Heinrich August Winkler
Geschichte des Westens. Die Zeit der Gegenwart.
C.H. Beck

Dienstag, 24.03.2015, 19.30Uhr

Seit dem Ende des Kalten Krieges ist die Welt nicht übersichtlicher und auch nicht friedlicher geworden. Erweiterung und Krise der EU, der 11. September 2001, die Kriege in Afghanistan und Irak, die globale Finanzkrise, der "Arabische Frühling" - das sind nur einige Themen des abschließenden Bandes der Geschichte des Westens von Heinrich August Winkler, die schon jetzt zu den klassischen Werken der Geschichtsschreibung gezählt werden darf. Der transatlantische Westen sieht sich heute durch höchst unterschiedliche Kräfte herausgefordert: den islamistischen Fundamentalismus und Terrorismus, eine neoimperiale russische Großmachtpolitik, den Aufstieg der Volksrepublik China zur Weltmacht, das wachsende Gewicht von Indien und Brasilien. Nachrufe auf den Westen aber sind verfrüht: Die Anziehungskraft seines normativen Projekts, der Ideen der Menschenrechte, des Rechtsstaates und der Demokratie, ist weltweit ungebrochen.
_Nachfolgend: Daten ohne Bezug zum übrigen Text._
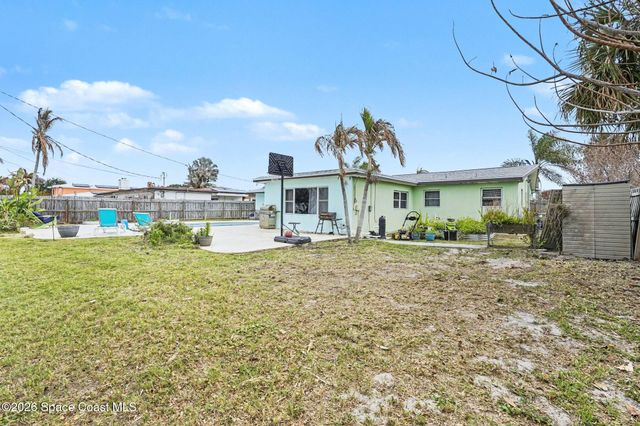 330 Glenwood Avenue, Satellite Beach, FL 32937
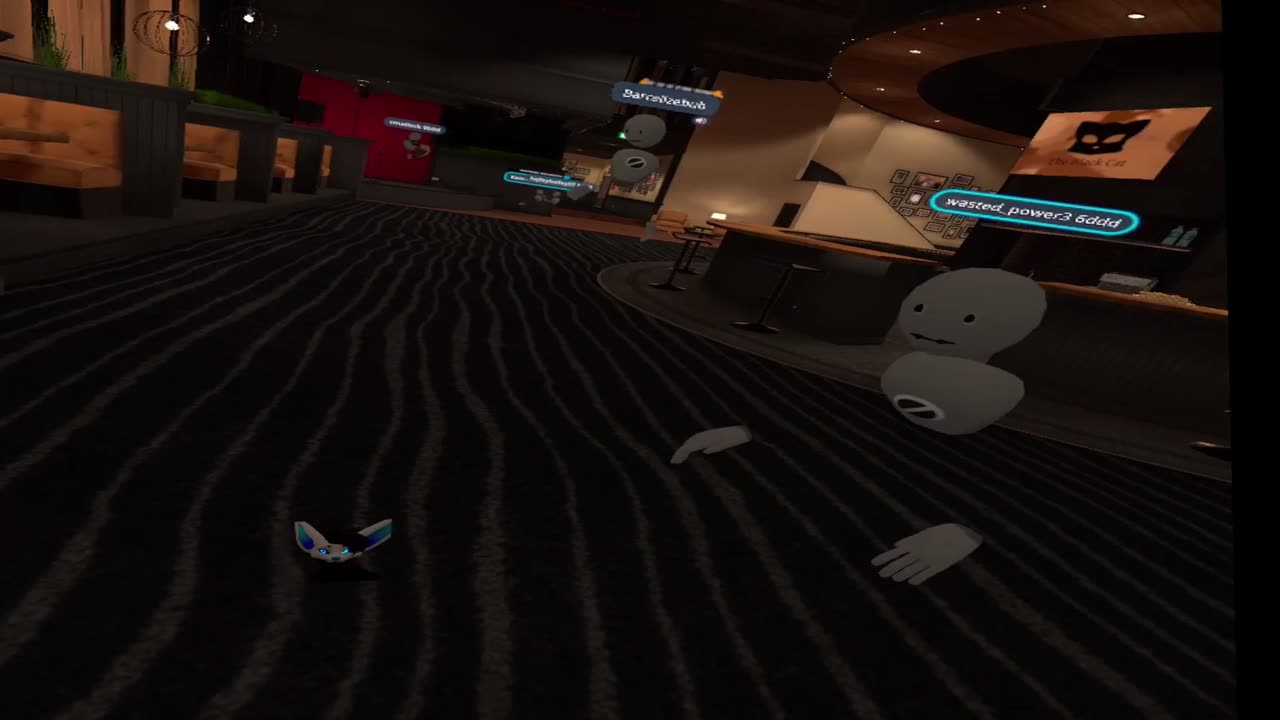 This Guy Is Out of It - VRChat Part 179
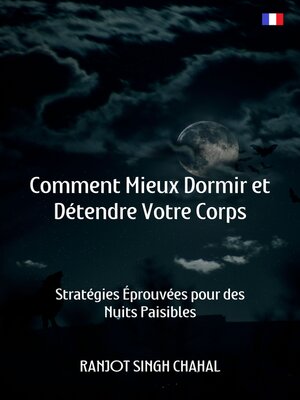 cover image of Comment Mieux Dormir et Détendre Votre Corps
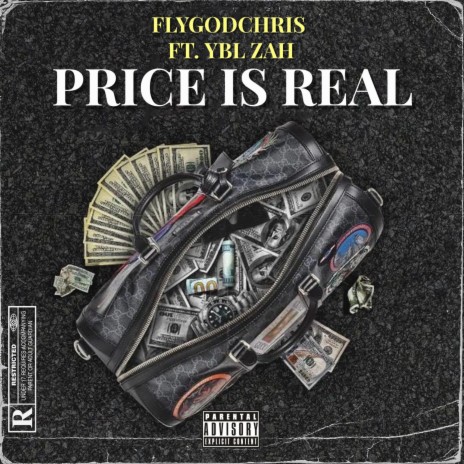 Price Is Real ft. AstroBeatz & YBL Zah | Boomplay Music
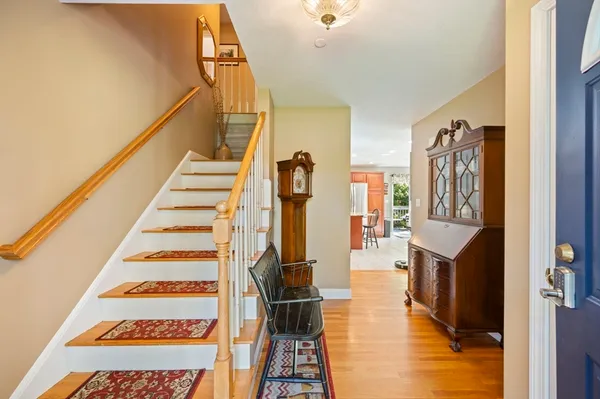 $899,900 | 6 Horton Drive, Norton, MA 02766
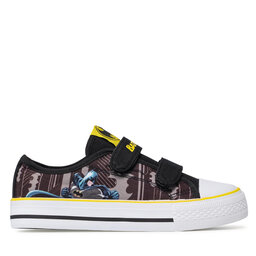 

Кеди Batman AW21_11WBBAT Black, Чорний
Heinrich August Winkler führt den Leser im fulminanten letzten Band seiner Geschichte des Westens mitten hinein in die Geschichte unserer Gegenwart - und er zeigt uns eindringlich, was auf dem Spiel steht.

Vortrag und Gespräch

Das Gespräch mit dem Autor führt Christian Richter.

schleichersbuch zu Gast in den Museen Dahlem, Lansstr. 8, 14195 Berlin (U-Bhf. Dahlem-Dorf)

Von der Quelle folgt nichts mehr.